Wasted All Our Twenties Chasing Down a Dream

I'm going to start this one with a disclaimer. You know you are. If you really want it to be a surprise, you'd best wait to read this. Maybe give me a call instead and I'll tell you a story and you can make me laugh. Then maybe read this next week sometime when both of us have our hands full.

There's an event tomorrow. Apparently, we're all supposed to cook. I always understand that assignment, so I'm going to tell you a little story about how this particular creation came to be.

Of course it's always a Nanny story right now. Any time I bake, I do it with at least one person in my heart. There's no convincing me that it doesn't help it taste better if you hold a direct love while you bake. She loved chocolate. She would tell us how when her brother, Lonnie, came home from the Navy, he'd bring her a chocolate bar. She absolutely adored him. You could hear it in the way she said his name. She had the ability to show how much she loved someone by the way she said their name. It was always a quiet amazement to me.

They were poor back then. She was born in 1927 to an Irish police officer named Jim Conner (yeah, we are a whole stereotype) and a Scottish midwife born Orlena Gibson. When she was just shy of a year old, her father was shot by friendly fire in what equates to civil rights riot. So in 1928, her mother was left single with two daughters to raise, aged almost one and two. And she fucking did it. I come from a long line of women with steel bones.

Nanny talked about trading eggs for oranges. She explained the man like some sort of tinker, with a cart and they'd have things repaired and trade. She would always talk about Lonnie in the same conversation. It never occurred to me to ask why until right now and I can't. She had a mind for stories that never let go. Her details never faded or disappeared. She could put you in the moment she lived. Maybe that's what I can do, except in print. I'd like to think that.

So she would tell this story of her brother and his chocolate bars. And she could make you believe that she loved chocolate in a Pavlovian way. She loved Lonnie and Lonnie came with chocolate and so she loved chocolate because she loved him so deeply. And then he died. But she still had chocolate.

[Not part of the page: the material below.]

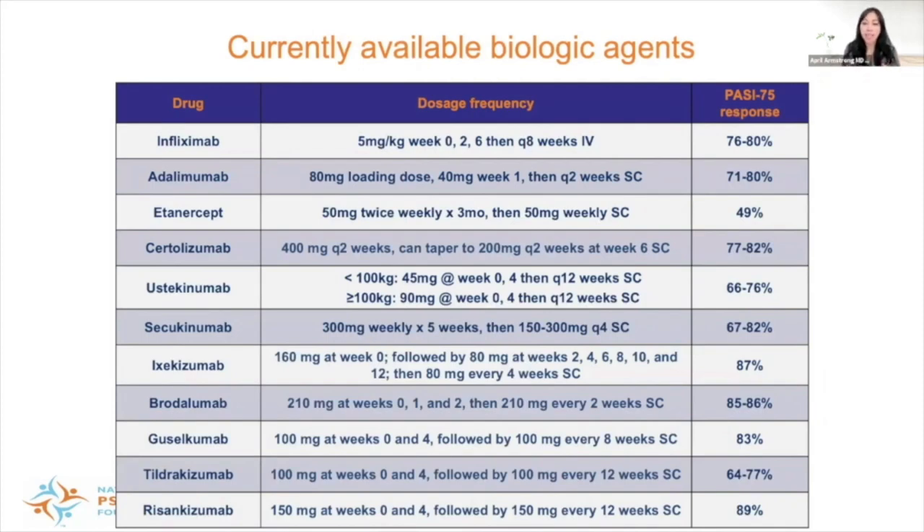Biologics is the area with the most developments in the past two decades. At the time of this talk, there are 11 FDA-approved biologics for moderate to severe plaque psoriasis. The first four — infliximab, adalimumab, etanercept, and certolizumab — are TNF inhibitors. With the exception of infliximab, which is given intravenously, the rest are given subcutaneously. All TNF inhibitors are approved for both psoriasis and psoriatic arthritis. Certolizumab, because it does not cross the placenta, can also be used as a biologic of choice during pregnancy and breastfeeding.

I guess I spent my life chasing the next best chocolate so I could keep hearing her stories and keep seeing her face illuminate with the love she'd lost. For a moment, she got him back every time she tasted something she loved in chocolate form. And I guess now, I get her back every time I bake something chocolate.

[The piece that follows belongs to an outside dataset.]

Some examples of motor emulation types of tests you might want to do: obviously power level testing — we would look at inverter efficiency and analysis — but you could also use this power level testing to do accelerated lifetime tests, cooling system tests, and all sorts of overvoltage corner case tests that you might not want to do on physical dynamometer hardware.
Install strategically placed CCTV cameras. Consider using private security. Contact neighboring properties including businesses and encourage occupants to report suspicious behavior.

Her favorite was my triple chocolate cheesecake. That thing is decadent. So rich, you only eat a little sliver or you end up with immedibetes. She loved it. She requested it a few times and she made so few requests. I suppose I'll make that for Christmas and cry the whole time. I don't think I could do anything else.

I've always loved good chocolate cake. And I have searched and planned and questioned and experimented until I created the perfect chocolate cake. I don't believe I've ever tasted better. I've tinkered with the original recipe until I can't improve it. My company president knows who I am because of that cake. I have no interest in being known. If they don't know you, they can't be mad at you. A catholic with sweet tooth you would not believe. The first time I took it to work, I had the whole company in my email asking for the recipe and how long I've baked and a thousand other things. Food brings people together.

And I baked that today. And I dare say I may have outdone myself. It's an easy recipe, it really is. It bakes up light and airy and still somehow rich and fudgy. A splash of coffee makes chocolate better every time. A little extra salt in that frosting and a mix of milk chocolate and chocolate so dark it shatters into little knives, almost black, when you break it and the tiny shrapnel is the only thing that shows its real color.

No one has ever complained about that cake. 

I got to this point and my phone rang. It didn't take him long to ask me to tell him a story and it didn't take long for him to make me laugh. I guess I manifested that conversation. And I enjoyed it immensely. Music. I'm eventually going to ask him how deep in Tom T. Hall he really is. I suspect the answer is "very" but I don't want to be presumptuous. I went to bed without finishing this so I'll pick back up.

I made that chocolate cake last Christmas. Nanny loved Christmas. Honestly, by then her appetite had started to wane slightly and she would say she didn't really care for chocolate anymore. This woman who would hoard a box of chocolate like some sort of confectionary dragon didn't like chocolate anymore. Gabe told me that and I'm sure I stood there in disbelief. But she ate a few bites of that cake.  I guess that was the last time I baked for her. That may also have been the last time I baked this cake. I guess baking this cake and sharing it with people I care about is my version of bringing her back to me the same way that chocolate always brought her brother and her love for him back to her. I love her and I love chocolate so much because she did. I don't have her anymore, but I still have chocolate.